Old habits die hard...

#1
Was polishing my work boots (for the umpteeneth time this week) and got too wandering if anybody else has an ingrained habit carried over from service days, i can understand if nobody makes bed blocks before going out in a morning.
 

jarrod248

LE
Gallery Guru
#2
Was polishing my work boots (for the umpteeneth time this week) and got too wandering if anybody else has an ingrained habit carried over from service days, i can understand if nobody makes bed blocks before going out in a morning.
Checking pockets while muttering submarine hatches.
 
A

armadillo

Guest
#3
still in, missus caught me glaring at student in tescos,
wassup love?
LOOK AT THE STATE OF HIS HAIR!
its alright and dont shout hes looking over here
YES YOU GET YOUR HAIR CUT YOU LOOK A MESS
Im never taking you out again

(me glaring and growling as missus drags me out of shop)

Cant help it
 
#4
still in, missus caught me glaring at student in tescos,
wassup love?
LOOK AT THE STATE OF HIS HAIR!
its alright and dont shout hes looking over here
YES YOU GET YOUR HAIR CUT YOU LOOK A MESS
Im never taking you out again

(me glaring and growling as missus drags me out of shop)

Cant help it
Hey - great way to get out of helping with shopping.
 
#5
Polishing the undersides of my shoes, checking pockets when I stand up, '5 minutes before' and the ability to scrounge three brews a minute in any weather.
 
#6
Still lace my shoes the same way I laced my army boots, always polish the instep of my shoes, and still, after all these years, step off on my left foot.
 
#7
Polishing the undersides of my shoes, checking pockets when I stand up, '5 minutes before' and the ability to scrounge three brews a minute in any weather.
People think I'm odd for using shoe polish on my shoes! Oh, and I get to meetings 5 minutes before, the others usually arrive 5 minutes after it's scheduled to start! Cnuts. Shaving every morning is another.

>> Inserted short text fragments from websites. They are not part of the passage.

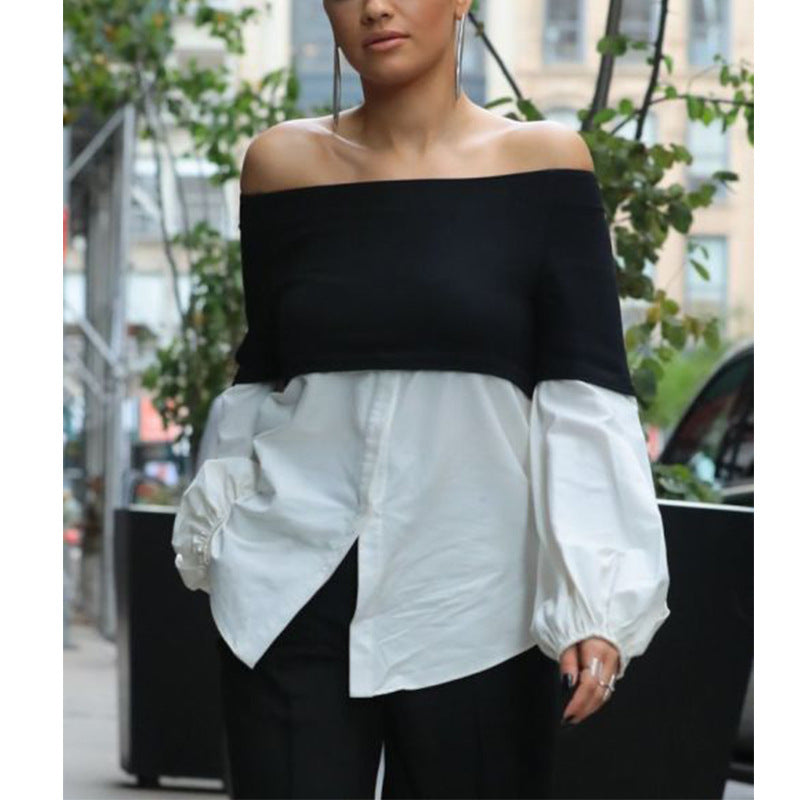 White shirt women's pullover splicing one-word shoulder loose long-sleeved T-shirt fake two-piece top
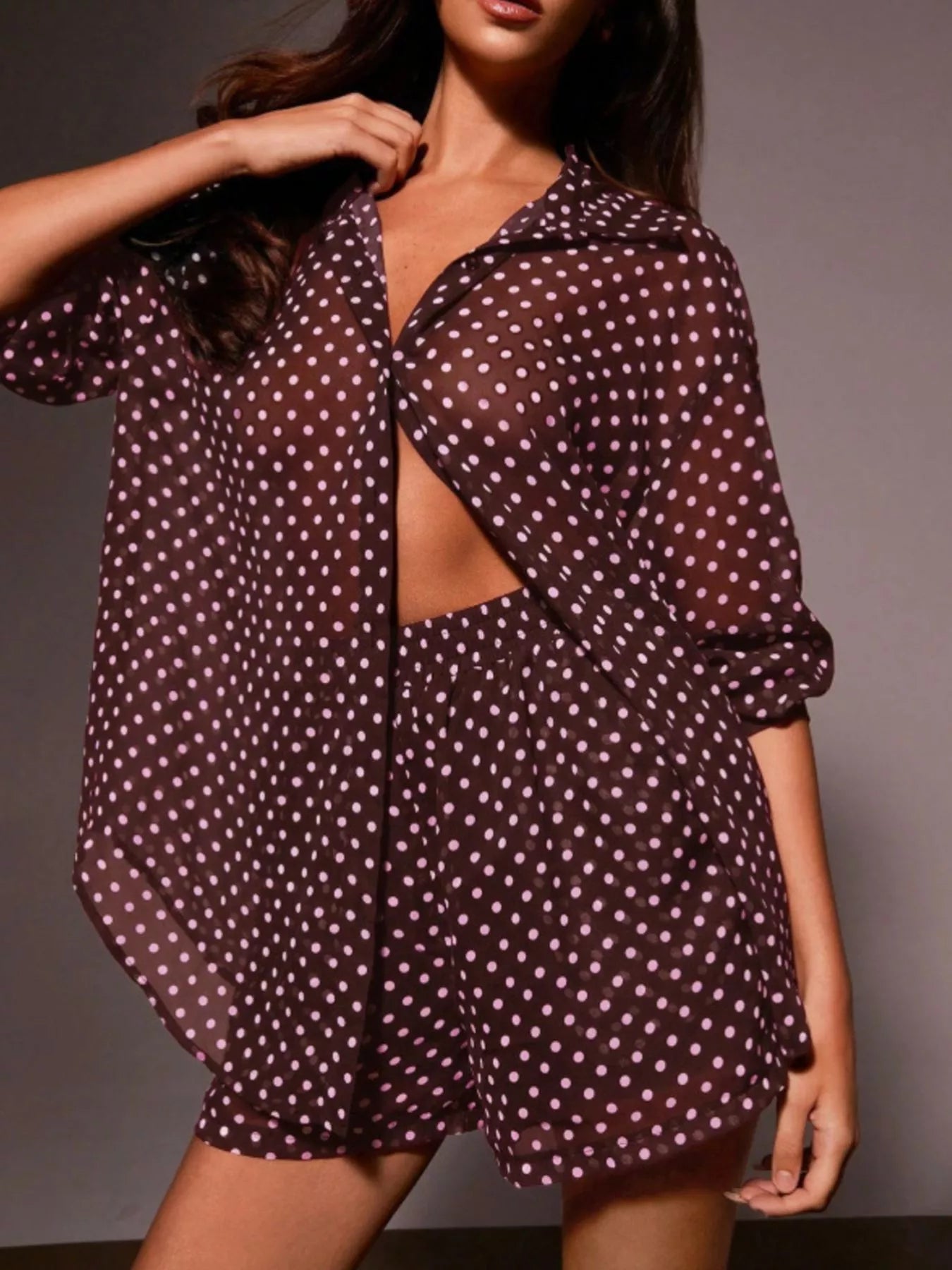 Ensemble chemise boutonnée à pois & short femme – 4 coloris - Bootiky
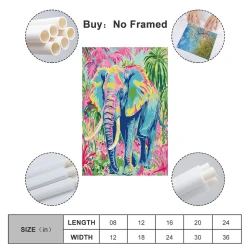 Éléphant Peinture sur toile sans cadre, impressions posters art mural pour déco maison chambre bureau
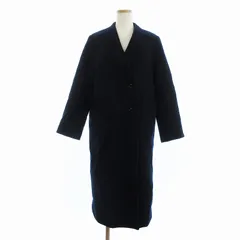 アーバンリサーチ URBAN RESEARCH ノーカラーコート ロング 無地 紺 ネイビー 36 ■FF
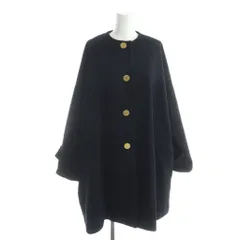 トラディショナルウェザーウェア Traditional Weatherwear Spick&Span 別注 24AW MALTON N/C メルトンウール ノーカラーコート ロング 金ボタン 34 黒 ブラック ■GY18 /MQのサムネイル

I also find that people at work talk alot about a 'can do' attitude and teamwork but don't demonstrate these attributes.
 
#8
i still press my work shirts the same way i pressed my old green working dress shirts, even with the bullshit crease on the back. think we all still polish the instep of our shoes too :) and when the boss at work messes up i still mutter something about the 7 Ps.
 
#10
1) Still turn shoes/boots upside down and shake them just in case any jungle nasties are in there.
2) Only put hands in pockets to retrieve something.
3) Can't lean against anything, it has managed to stand up on it's own this long without any help from me!
 
#12
still in, missus caught me glaring at student in tescos,
wassup love?
LOOK AT THE STATE OF HIS HAIR!
its alright and dont shout hes looking over here
YES YOU GET YOUR HAIR CUT YOU LOOK A MESS
Im never taking you out again

(me glaring and growling as missus drags me out of shop)

Cant help it
Not so bad but I did pull up an air cadet (in uniform, minus beret) in tesco this morning for having hair down to his shoulders. If you're going to present the public image of the forces don't make them all think we're shite!
 
#13
Curtains. I can't stand to see a crooked curtain and I fold the bottom ends inwards after opening them. Drives the missus mad.
 
#14
"Really? Even if they've been sat downstairs under the stairs overnight? Why??

I bet you don't."


I bet I do! If i'm going to wear them I will shake them first upside down, old habits die hard.
 
P

PrinceAlbert

Guest
#15
I always make sure have smiley socks, and polish my gloves.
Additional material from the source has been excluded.